Friday, November 18, 2016

How the Very Best Strategists Decide - HBR Special


This Article really hit me, I had to share it. Sorry, could not connect you with the source.

When it comes to setting strategy, which is more effective: one great thinker or a wise crowd?

To find out, I turned to my ongoing Top Pricer Tournament, in which 884 people — managers, consultants, professors, students — make pricing strategy decisions for a generic business competing against other generic businesses. The decision options available to each person work out to 14,739 possible strategies in each of three generic industries.

About half of the 884 strategies entered in each industry were chosen by two or more people; some were picked by two dozen. We’ll call these the popular strategies. The other half were chosen by only one per­son. They are the loner strategies.
If the wisdom of crowds applies to strategic thinking, popular strategies should out­perform the loners. If it doesn’t, the loners should outperform the crowd.

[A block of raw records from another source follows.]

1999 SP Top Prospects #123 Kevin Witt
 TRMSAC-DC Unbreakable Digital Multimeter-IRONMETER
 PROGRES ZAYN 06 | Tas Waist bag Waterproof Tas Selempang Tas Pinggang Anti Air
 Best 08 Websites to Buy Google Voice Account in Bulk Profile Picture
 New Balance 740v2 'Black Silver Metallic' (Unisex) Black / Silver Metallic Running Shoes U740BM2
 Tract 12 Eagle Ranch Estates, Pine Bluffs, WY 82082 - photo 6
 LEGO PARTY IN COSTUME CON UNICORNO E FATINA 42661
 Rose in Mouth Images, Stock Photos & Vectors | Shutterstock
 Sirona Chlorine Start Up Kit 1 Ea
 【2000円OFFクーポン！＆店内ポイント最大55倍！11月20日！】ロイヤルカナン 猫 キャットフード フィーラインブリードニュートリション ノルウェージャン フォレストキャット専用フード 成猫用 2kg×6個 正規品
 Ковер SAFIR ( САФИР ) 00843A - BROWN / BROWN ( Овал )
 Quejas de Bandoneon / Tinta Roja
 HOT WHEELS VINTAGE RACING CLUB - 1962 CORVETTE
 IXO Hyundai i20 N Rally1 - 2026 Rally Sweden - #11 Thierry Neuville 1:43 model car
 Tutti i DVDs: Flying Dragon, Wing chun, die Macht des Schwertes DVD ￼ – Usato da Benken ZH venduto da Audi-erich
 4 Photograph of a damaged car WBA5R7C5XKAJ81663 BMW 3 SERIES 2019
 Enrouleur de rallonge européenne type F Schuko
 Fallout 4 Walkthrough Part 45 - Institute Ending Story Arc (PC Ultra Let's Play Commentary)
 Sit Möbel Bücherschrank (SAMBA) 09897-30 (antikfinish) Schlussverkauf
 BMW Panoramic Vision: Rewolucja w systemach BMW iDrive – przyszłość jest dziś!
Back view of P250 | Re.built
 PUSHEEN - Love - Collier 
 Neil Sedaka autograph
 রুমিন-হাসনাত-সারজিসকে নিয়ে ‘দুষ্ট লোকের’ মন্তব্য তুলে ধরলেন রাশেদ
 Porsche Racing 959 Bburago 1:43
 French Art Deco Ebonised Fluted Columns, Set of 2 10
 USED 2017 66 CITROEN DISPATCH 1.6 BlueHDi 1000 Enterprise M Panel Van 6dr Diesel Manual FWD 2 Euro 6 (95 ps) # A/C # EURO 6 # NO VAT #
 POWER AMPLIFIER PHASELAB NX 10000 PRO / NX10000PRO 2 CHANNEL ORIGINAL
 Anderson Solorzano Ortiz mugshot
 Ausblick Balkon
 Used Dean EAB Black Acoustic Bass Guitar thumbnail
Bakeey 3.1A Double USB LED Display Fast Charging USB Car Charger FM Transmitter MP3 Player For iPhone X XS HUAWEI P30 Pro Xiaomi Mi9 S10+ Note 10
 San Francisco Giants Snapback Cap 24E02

I ran a billion simulations and saw that the crowds’ strategies worked pretty well. In general, the more people who chose a strategy, the better the strategy performed. (The largest crowds, though, rated about average.) The simulations also showed that loner strategies usually performed below the crowds’ popular strategies.

But the strategies that performed the very best were also loners.

If you want to outperform the crowd, you’ve got to do something the crowd isn’t doing. That means learning two key skills:

To do something the crowd isn’t doing, you must think something the crowd isn’t thinking. You can generate ideas by broadening your decision frame.
No one proposes a strategy thinking it will fail, so you must be able to tell the difference between good and bad loner strategies. You can evaluate those ideas by embracing critical thinking.

Broadening the Frame
I conducted a business war game for a company in the food industry. We had teams for their business, competitors, customers, and government regulators. I asked each team to list key changes they might make over the next few years, and then I calculated the number of possible scenarios. In 15 minutes they’d identified 3.9 million scenarios. That quashed the idea that they could plan for a definitive fu­ture.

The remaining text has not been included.